To measure your success, don’t look ahead at how booked you are. Instead, look back at how many patients per day you actually saw in the last six months or year. This will account for one potential problem with preappointing: a large no show and last minute reschedule rate. Generate a report for how many exams you performed in 2015 and convert that into exams per week by dividing by 52 weeks (or used 50 weeks if you took two weeks for vacation). Divide that weekly number by the number of days per week that you see patients (it is OK to have a half day). That provides a rough estimate of how many patients per day you truly see. It is often shockingly low, but you should know it.
The reschedule rate and no show rate can really play havoc on your office efficiency because it is difficult to be staffed properly when you are not sure how many patients will be seen. It is feast or famine.
It is interesting that reschedules and no shows are often a love-hate thing with ODs; we know they hurt revenue and profit, but on any given day when you are busy or tired, you may secretly welcome them. This may prevent you from actually wanting to recognize that they are a big problem for your business.
When preappointing is done properly, it takes a huge amount of staff time to confirm, reconfirm, monitor responses, manage and reschedule appointments. Usually there is a combination of postal, email and telephone communications about the appointment that begins several weeks in advance.
Conversely, with a traditional reminder system, the patient must decide if he wants an appointment and then proactively schedule it, usually within the next few days or a week. The likelihood of a no show is minimal in this case as is the amount of staff time needed.
Practices that use preappointing may have a lower revenue per exam metric. This occurs because preappointing results in more patients being seen with no visual complaints and often seen sooner than when the patient must call for an appointment. Seeing patients with no complaints results in more “exam-only” visits, while visits with complaints often lead to acceptance of new eyewear, contact lens fittings or additional testing.
We intuitively know that there is the possible risk of being perceived as pushy when the office staff tells patients they are scheduling them for their appointment next year. There are some clever ways to spin that, but eventually the patient realizes he has a real appointment and some will feel they wanted more control over that.
Many patients will simply go along with the office procedure, but if they really do not want that next eye exam in that time frame, they will cancel or no show. You could charge a no show fee, but that also creates more bad will.

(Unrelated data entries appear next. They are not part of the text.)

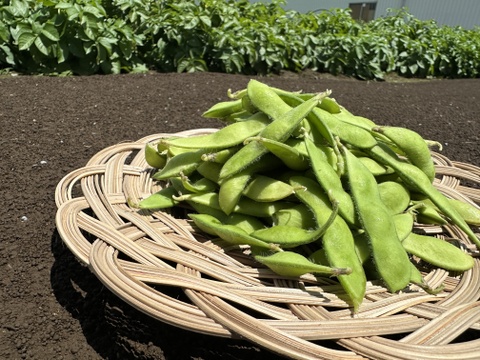 ⚠️今季ラスト⚠️🎵やめられない、止まらない、枝豆🫛🎵
【不揃い品】大人のおつまみに‼️お子様のおやつに‼️
良質なタンパク質や、鉄分が豊富なため夏バテ対策にもおすすめ🌟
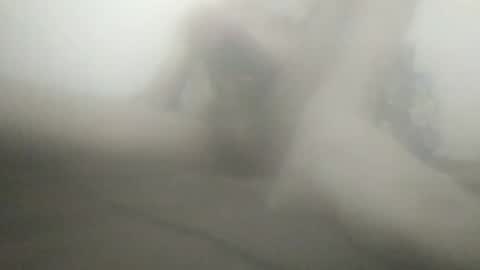 tiger005588 online show from February 2026 04:03:02 PM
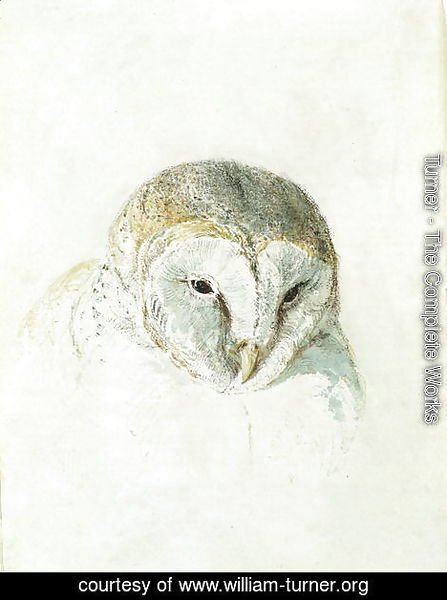 White Barn Owl, from The Farnley Book of Birds, c.1816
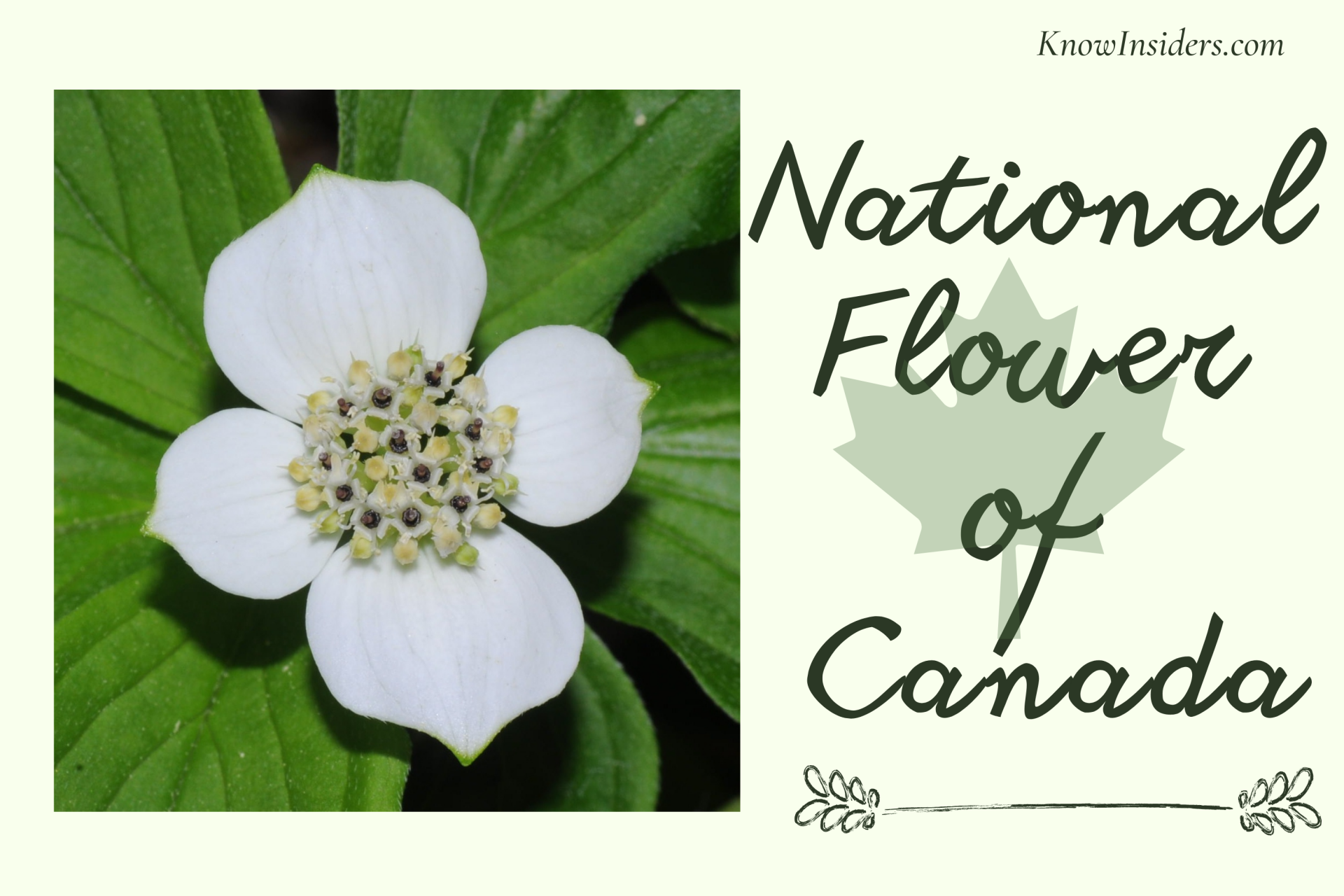What Is The National Flower of Canada?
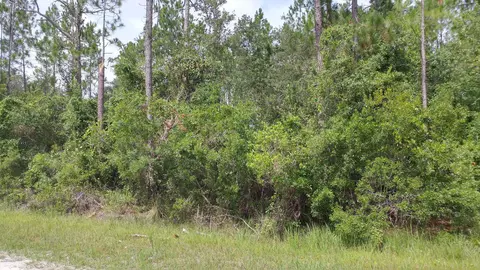 1954 Lemon St, Bunnell, FL 32110 photo 4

Another negative for preappointing is less known, but occurs when the practice brings in an associate OD and wants to transfer some of the loyal patients from the senior doctor to the associate. This can be challenging in general, but it is made worse when all the patients have standing appointments with the senior doc. If patients have to call to set up an appointment, the receptionist has an opportunity to offer more convenient appointment times with the new doctor and encourage patients to try him or her.
Optometrists often look to dentists with some level of admiration and we may try to mimic their practice management techniques. It appears that dentists are quite successful with preappointing, but we should realize that teeth require regular professional cleaning and that motivates the patient into more frequent visits than routine vision care.
By that logic, we may see a high degree of success if we preappoint patients who need medical eye care, especially because these patients are usually seen back in less than one year.
It may well be that having multiple recall tools available is the best approach. An ideal recall system for a practice that is strongly service oriented might be to ask the patient how he would like to be notified about his next visit. You could preappoint some, send email reminders to others, and post cards to the rest. I wonder which method most patients would choose.